The first two days of fasting can be difficult. Will it become even more difficult further on?
Starting from the moment when a fasting patient stops taking food, he goes through three stages. This happens during both water fasting and dry fasting. Sometimes there is significant discomfort during the first two stages, but the third stage is usually well tolerated. One of the advantages of dry fasting is that the duration of the first two stages is reduced two to threefold, thus, the discomfort goes away much faster than during a water fast. The first stage is the stage of food arousal. At this time, patients are irritated by conversations about food, the sight and smell of food, the sound of tableware. The patient may experience an excessive flow of saliva, rumbling in the abdomen, an empty feeling in the epigastric region and general weakness. Hunger sensations, increased irritability, worsening mood, sleep disturbance (Yu. Nikolaev) are typical. During water fasting, this stage lasts 2-3 days, and during dry fasting – less than a day (S. Filonov). The second stage is that of increasing acidosis. The hunger sensation usually decreases, and sometimes disappears completely. In most patients, there is a growing general psychomotor retardation. Sometimes, especially in the morning, some patients complain of headache, dizziness, nausea, feeling of weakness. Walks outside and drinking alkaline water (when water fasting) help significantly reduce these phenomena or even completely eliminate them. During water fasting, this stage lasts up to 7-10 days of fasting (Yu. Nikolaev), and during dry fasting – up to 2-3 days (S. Filonov). At the end of the second stage, the body completes the readjustment to internal nutrition. As a result, a sharp improvement in the patient’s condition usually occurs, and fasting becomes comfortable.

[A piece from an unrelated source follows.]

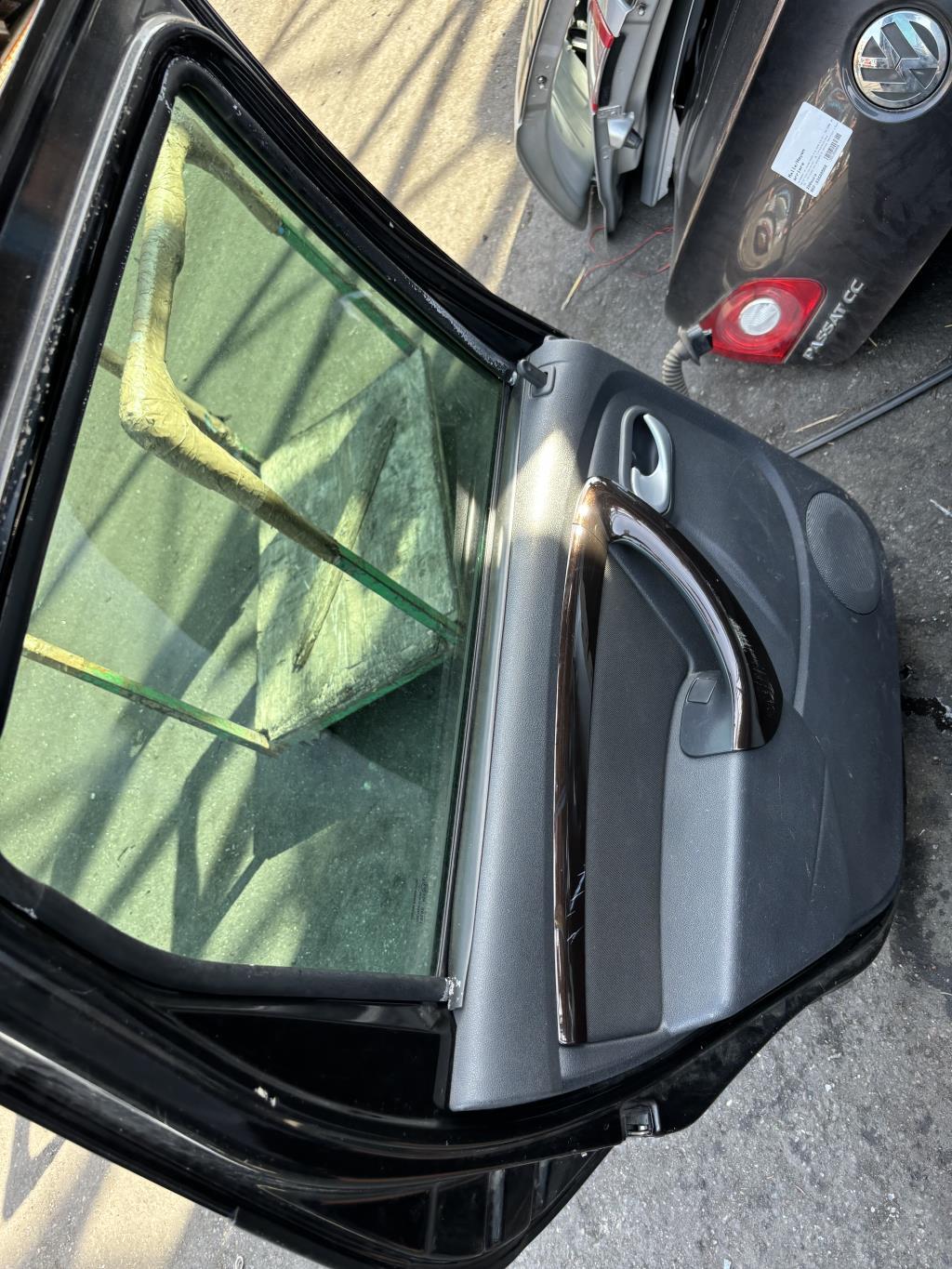 Puerta trasera izquierda DACIA DUSTER 1 PHASE 1 Diésel - 1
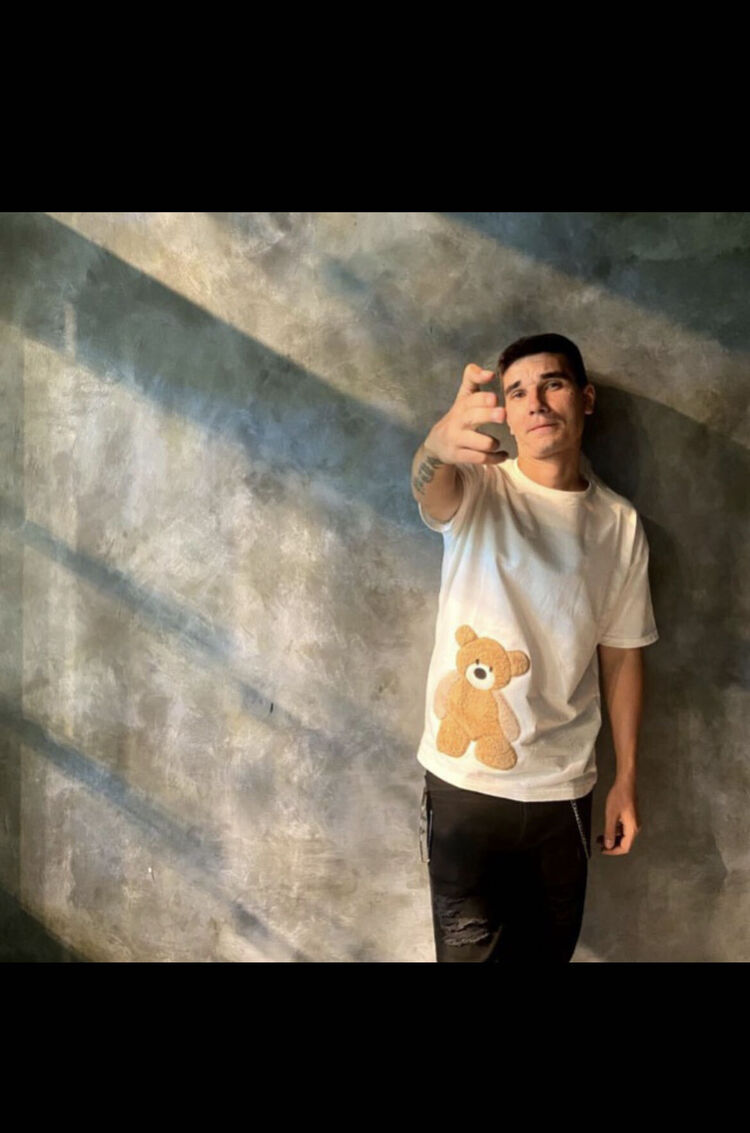  30404577  , 35 ,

Physical activity on fasting days
“Nature walks are mandatory, it’s been noted that if you spend the entire fasting day at home, the subjective feeling of well-being decreases, while weakness and chilliness increase. On the other hand, walks or working in the fresh air may lead to physical tiredness, while the mood and subjective feelings of well-being improve, the person is buoyant and vivacious. However, as I always tell my patients, one should walk like a cat. Your movements should be soft, smooth and calm. There shouldn’t be any sharp ascents, and any excessive physical strain and efforts should be excluded,” says Dr. Filonov.
Can you start dry fasting at any time? Can you break a fast intuitively?

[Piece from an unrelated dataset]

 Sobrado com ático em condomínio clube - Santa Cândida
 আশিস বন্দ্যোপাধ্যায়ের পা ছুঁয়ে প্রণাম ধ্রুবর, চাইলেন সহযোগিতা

Here are some tips from Sergey Filonov:
- Before you start dry fasting, you should try a water fast to see how your body can handle it.
- 24 hours is the minimum period of fasting that can be expected to have an effect on the body.
- If you have no experience with dry fasting, you need to start with a 1-day fast, gradually moving on to 2,3 and 4-day fasting. If you endured these fasts well, then you can fast for 5 days. We do not recommend fasting for over 5 days at home without professional supervision.
- Under no circumstances should you extend the pre-planned fasting period, as it corresponds to the psychological state that you’ve created. For instance, if you set your mind on a two-day fast, you shouldn’t switch to a three-day fast, even if you are feeling very well. However, if you are not tolerating the fast well, you can always get exit the fast early, strictly observing the relevant rules.
- The length of the exit period should be twice the duration of abstinence from food and water.
- Do not start a new fast until you complete the exit from the previous fast.
- Combined fasting is allowed: first, conduct a 3-day dry fast, then, when the body cleansing mechanism is launched, move on to fasting on water. But never in reverse order!